Don't think of inverting a laplace transform as just summing residues. That doesn't always work, as for example here.

The singularities at [itex]-i, 0, i[/itex] are branch points. They, and [itex]\infty[/itex] which is also a branch point for log, must be connected by branch cuts, positioned in such a way that the Bromwich contour does not cross them. Any decent text on complex analysis should discuss integration of functions with branch cuts.

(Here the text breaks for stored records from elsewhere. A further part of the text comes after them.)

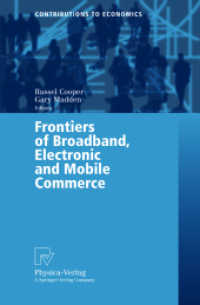 ブロードバンド、Ｅコマース、Ｍコマースの最先端<br>Frontiers of Broadband, Electronic and Mobile Commerce (Contributions in Economics) （2004. XIV, 340 p. w. 39 figs.）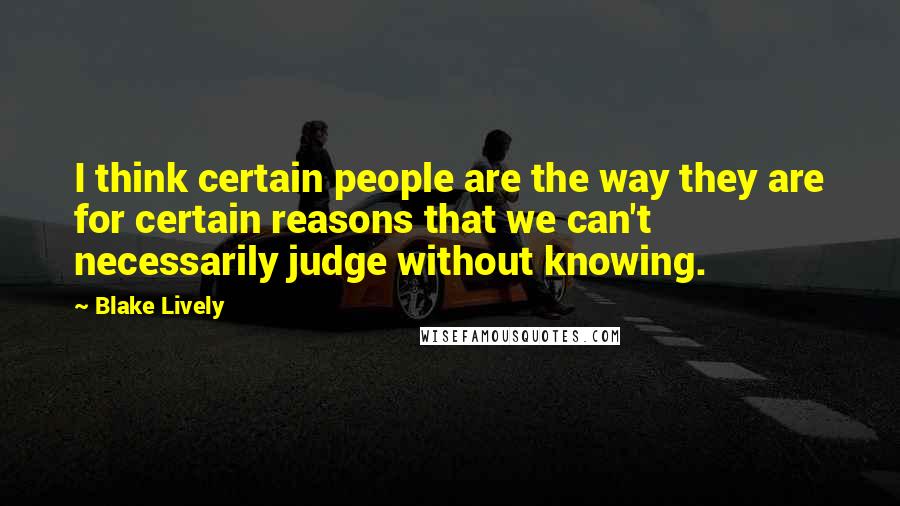 Blake Lively Quotes: I think certain people are the way they are for certain reasons that we can't necessarily judge without knowing.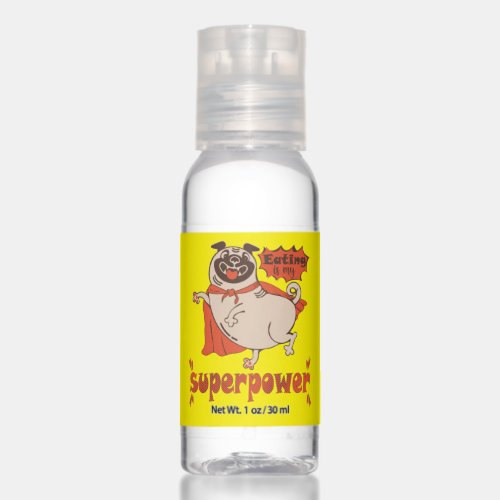 Eating is my superpower red cloak pug comic style  hand sanitizer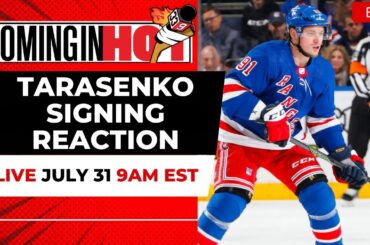 Tarasenko Signing Reaction | Coming in Hot LIVE - July 31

Here I think it best to use the expansion in post #4, and place cuts as follows:
- For log(z), along the negative real axis from 0 to infinity. Use the polar representation [itex]z = r_1e^{i\theta_1[/itex] with [itex]-\pi < \theta_1 < \pi[/itex] for the argument of [itex]\log[/itex].
- For [itex]\log(z + i)[/itex], along the line [itex]z = x + i[/itex] for [itex]x < 0[/itex]. Use the polar representation [itex]z = i + r_2e^{i\theta_2[/itex] with [itex]-\pi < \theta_2 < \pi[/itex] for the argument of [itex]\log(z + i)[/itex].
- For [itex]\log(z - i)[/itex], along the line [itex]z = -i + x[/itex] for [itex]x < 0[/itex]. Use the polar representation [itex]z = -i + r_3e^{i\theta_3[/itex] with [itex]-\pi < \theta_2 < \pi[/itex] for the argument of [itex]\log(z + i)[/itex].

The resulting contour is shown in the sketch.

Image.png


Your contour integral should end up with contributions from the vertical line at [itex]z = c[/itex], which in the limit [itex]R \to \infty[/itex] is the inverse Laplace transform you want to find, as well as the six contours along the top and bottom of the cuts at [itex]\theta_i = \pm \pi[/itex]. The contributions from the three semi-circles around the ends of the cuts should vanish as the radii tend to zero and the contribution from the parts of the contour on the semi-circle of radius [itex]R[/itex] in the left half-plane should vanish as [itex]R \to \infty[/itex].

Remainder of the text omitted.